- WHAT YOU ARE ASKED TO DO:
Only the lines from the one with "Hyundai KONA EV" to the end of the data, both ends included, should be output, exactly as they stand and without pictures.

------------------------------

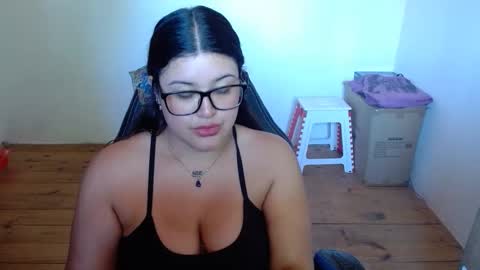 Roxy  online show from 24, 11, 2025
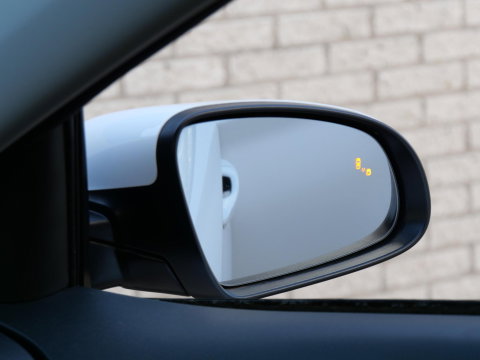 Hyundai KONA EV 64kWh PREMIUM/ LEER/ HEAD-UP/ BLINDSPOT/ SOH 98%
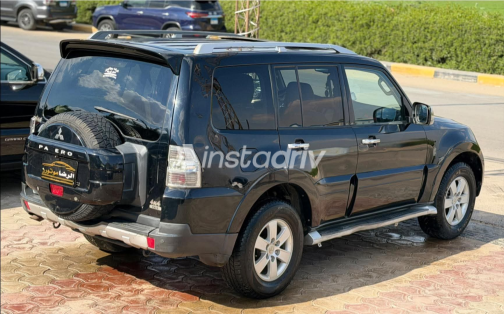 Mitsubishi Pajero 2008 Black Used for Sale - 3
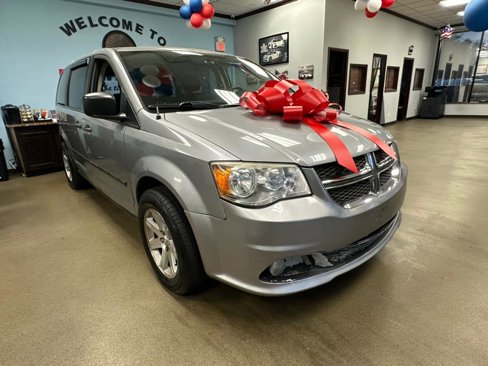 Used 2014 Dodge Grand Caravan American Value Package image 3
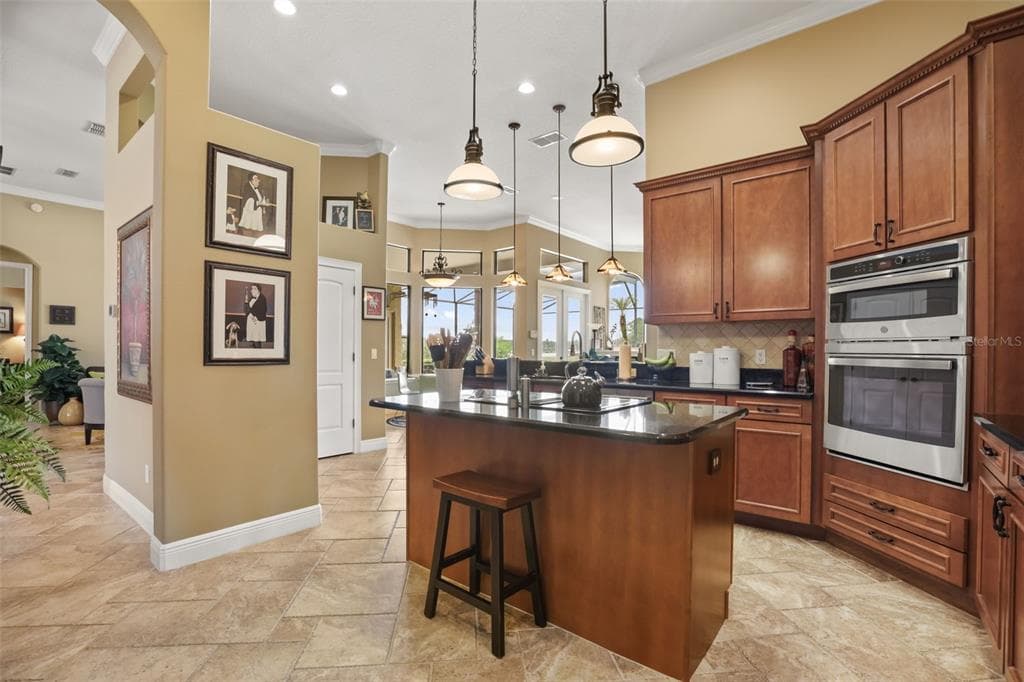 863 CARDINAL POINTE COVE photo 19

------------------------------

- WRITTEN SOLUTION:
 Hyundai KONA EV 64kWh PREMIUM/ LEER/ HEAD-UP/ BLINDSPOT/ SOH 98%
 Mitsubishi Pajero 2008 Black Used for Sale - 3
 Used 2014 Dodge Grand Caravan American Value Package image 3
 863 CARDINAL POINTE COVE photo 19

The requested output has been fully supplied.